It doesn’t involve a high-profile American billionaire, and yet of the two cases on which the police recommended indicting Israel’s prime minister, “Case 2000” is far more important and severe.
The headlines featured words like graft and bribe and alongside pictures of Israeli prime minister Benjamin Netanyahu was the photo (and the story) of the Israeli-American billionaire and Hollywood mogul Arnon Milchan. According to the evidence collected by the Israeli police, Netanyahu took bribes from Milchan in the form of expensive cigars, pink champagne, and other gifts totaling in value a cool one million Israeli shekels ($300,000).
Buried in the middle or at the end of these reports, however, was a short description of the second case on which the police recommended indicting the prime minister. That case does not involve a high-profile American billionaire, and yet it is far more important and severe and casts a long shadow on one of the country’s most important democratic institutions—its news media. It also revolves around many of the ideas and theories that this blog is dedicated to: regulatory capture and the power of special interests to subvert markets and competition.
The case, known as “Case 2000,” is based on the most amazing tapes ever to be found and released in the history of corruption in Israel. Found by accident while investigating Netanyahu’s aide on an unrelated case, the tapes contain several hours of recorded secret negotiations between Netanyahu and Arnon Mozes—the most powerful media mogul in Israel in the last 30 years. Think Rupert Murdoch in the UK, but much more powerful in the domestic context and secretive—a person who has never given interviews and whose political power is so vast that many people within the Israeli elite avoided raising his name in any public discussion.
In the tapes, Mozes can be heard clearly, explicitly, and directly offering the prime minister a deal: you (Netanyahu) will use your power to eliminate the fierce competition to my newspaper Yedioth Achronot, and in return I will “steer the ship” (i.e., the entire editorial team of Mozes’ news media empire) to stop attacking you and adopt a more positive editorial line. “It is clear, we have to make sure that you will continue to be prime minister,” Mozes told Netanyahu.
In the last seven years, Israelis have become much more aware of the backroom dealings between politicians, regulators, business tycoons, and media moguls.
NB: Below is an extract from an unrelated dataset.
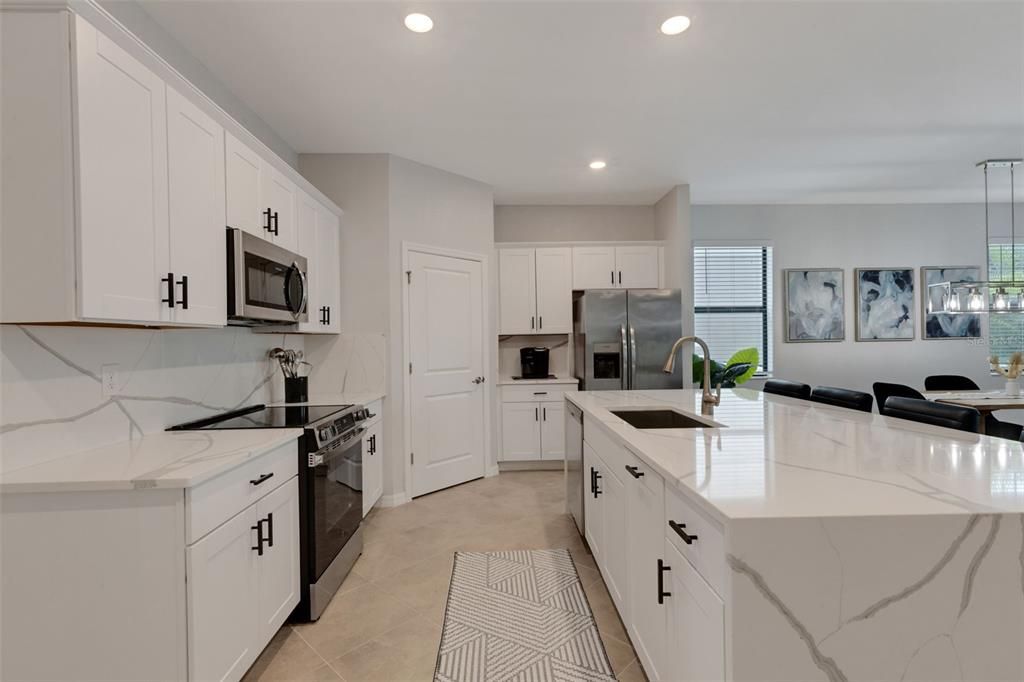 Activo con contrato: $524,999 (3 camas, 3 baños, 2214 Pies cuadrados)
But for the first time ever, they got a smoking gun—explicit words that explain how these backroom dealings work, and how their prime minister and the editor of the country’s most popular newspaper and website are willing to sell the public for their own personal gain.
The offer—“if you eliminate my competition I will make sure that you will continue to be prime minister”—sounds like something from a public choice theory textbook detailing how regulation, in this case competition regulation, can be captured by the regulated industry. The industry in point here is by far more important than many other industries, since it concerns the marketplace of ideas and the democratic institution tasked with holding the powerful to account.
Case 2000 is not an isolated case. It follows a huge scandal that broke in the summer of 2017 and involved another Israeli tycoon with significant ties to the news media market. Israel’s SEC arrested Shaul Elovitch, the controlling shareholder in Bezeq—Israel’s local telephony monopoly—and charged him with fraud and breach of fiduciary duties.
During their investigation of Elovitch, investigators stumbled upon some very interesting evidence: email exchanges between Bezeq’s top management and the Ministry of Communication, the government body charged with regulating the company. According to their analysis, the director general of the Ministry, a confidant of Netanyahu, tailored the regulation of Bezeq to the company’s needs, supplying Bezeq’s management with inside information and accepting their instructions on how to design the regulation. What is missing from the SEC’s findings in this is what motivated the director general, and what he got in return. This is what a new investigation is now trying to find out. Elovitch’s portfolio included not only a telephone company, but also Walla!, one of the most popular news websites in Israel. Incidentally, the website was found to have censored stories critical of Netanyahu and promoted positive stories about his wife.
Israel’s attorney general and his prosecutors now have to decide whether to file criminal charges against Netanyahu and Mozes. They will face huge pressure from many powerful forces in the country. Both Netanyahu’s supporters and his enemies want to bury this case, as Mozes’s newspapers are known to be very close to Netanyahu’s opponents.
That is why this case, more so than any other corruption scandal in Israel, must reach trial and be debated in the open. Exposing the secret dealings between media moguls, politicians, and other tycoons may be one of the most important opportunities that Israelis will have to address the modern epidemic plaguing market economies—the capture of regulation by powerful private interests.
Disclaimer: The ProMarket blog is dedicated to discussing how competition tends to be subverted by special interests. The posts represent the opinions of their writers, not those of the University of Chicago, the Booth School of Business, or its faculty. For more information, please visit ProMarket Blog Policy.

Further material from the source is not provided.